Zahlreiche eMails beweisen mir seit Sölden das Gegenteil. Ich habe mittlerweile den Pressespiegel erhalten. Ob New York Times, Chicago Tribune oder Denver Post - die große Zeitungen haben Vonn und Ligety mit großen Berichten gewürdigt.

Hat Sie der US-Triumph in Sölden überrascht?
Mit Lindseys Sieg konnten wir nicht rechnen, nachdem sie eine Woche zuvor auf dieser Piste schwer gestürzt war. Außerdem hatte sie zuvor noch nie einen Riesenslalom gewonnen. Ted war schon im letzten Winter im Riesenslalom meist eine Klasse für sich. Der neunte Platz von Bode Miller trotz schweren Fehlers ist fast untergegangen. Bode traue ich diesmal viel zu.

Miller ist unter Rennläufern, Journalisten und Funktionären, die ihn besser kennen, nicht annähernd so beliebt wie unter jugendlichen Fans. Vorübergehend hatte er sich sogar schon vom US-Team abgenabelt. Wie kommen Sie mit ihm zurecht?
Bei Ausnahmesportlern muss man andere Maßstäbe anlegen. Das war bei Hermann Maier nicht anders.
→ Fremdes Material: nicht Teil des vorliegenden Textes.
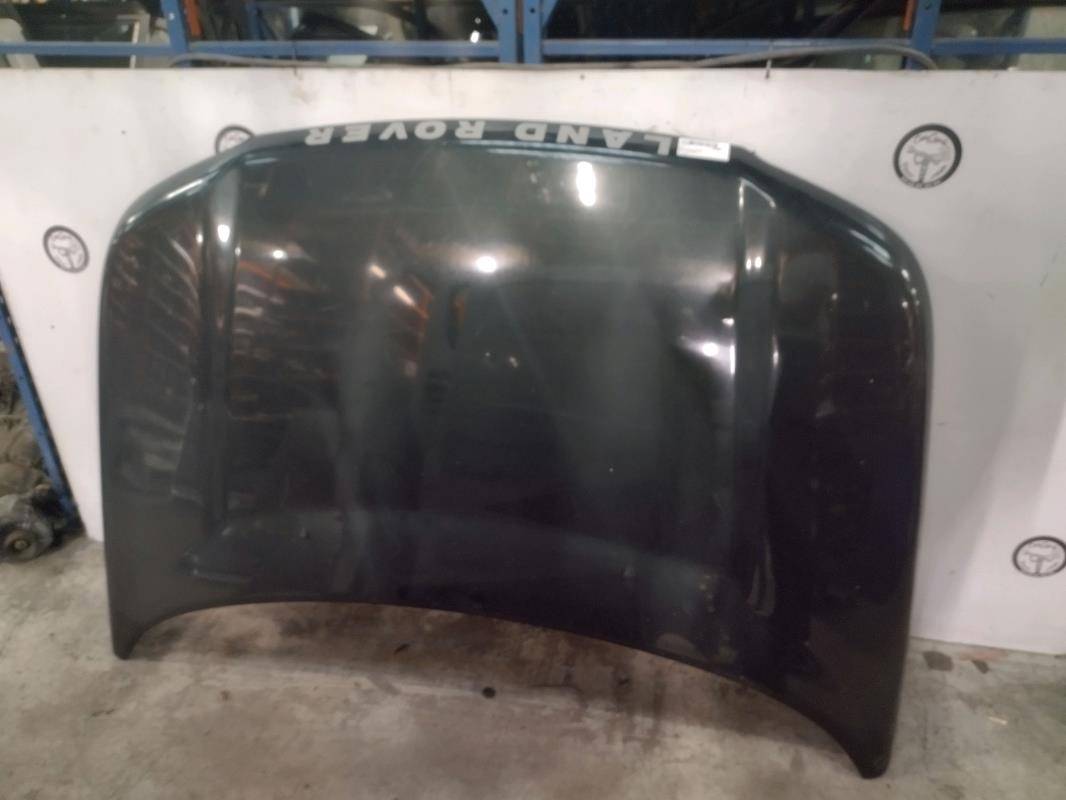 Capot LAND ROVER FREELANDER 1 PHASE 1  - 1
Für mich steht Miller auf einer Stufe mit Maier.

Miller wird seit letztem Winter von ihrer Tiroler Heimatgemeinde gesponsert. Inzwischen wurde Sölden Europa-Zentrale des gesamten US-Teams. Dass Sölden so ein splendider Gastgeber der amerikanischen Konkurrenz ist, nennt ÖSV-Präsident Schröcksnadel ein ,Foul am österreichischen Skisport'. Legen Sie als US-Sportchef Schienbeinschützer an?
Nein. Schröcksnadel soll nicht vergessen, wie sehr Sölden auch den österreichischen Nachwuchs unterstützt - angefangen mit Gratis-Liftpässen. In vielen anderen Skigebieten müssen Rennläufer zahlen.

Gegen die Materialreform der FIS haben Ligety und Miller besonders protestiert. Wie beurteilen Sie als deren Vorgesetzter die Rückkehr zu längeren, schmäleren Skiern?
Man sollte die Rennläufer das künftige Material testen lassen, ehe es Vorschriften gibt. Dazu wird es in Alta Badia kurz vor Weihnachten kommen. Unsere Läufer werden dabei sein.

Und Sie als Alpinchef pendeln weiter zwischen Nordamerika und Europa?
Nein. Ich komme heuer nicht mehr nach Europa. Ich werde während der Europa-Rennen um zwei Uhr früh aufstehen und mir Levi, Val d'Isère, Gröden, Courchevel, Alta Badia und Lienz am Computer ansehen.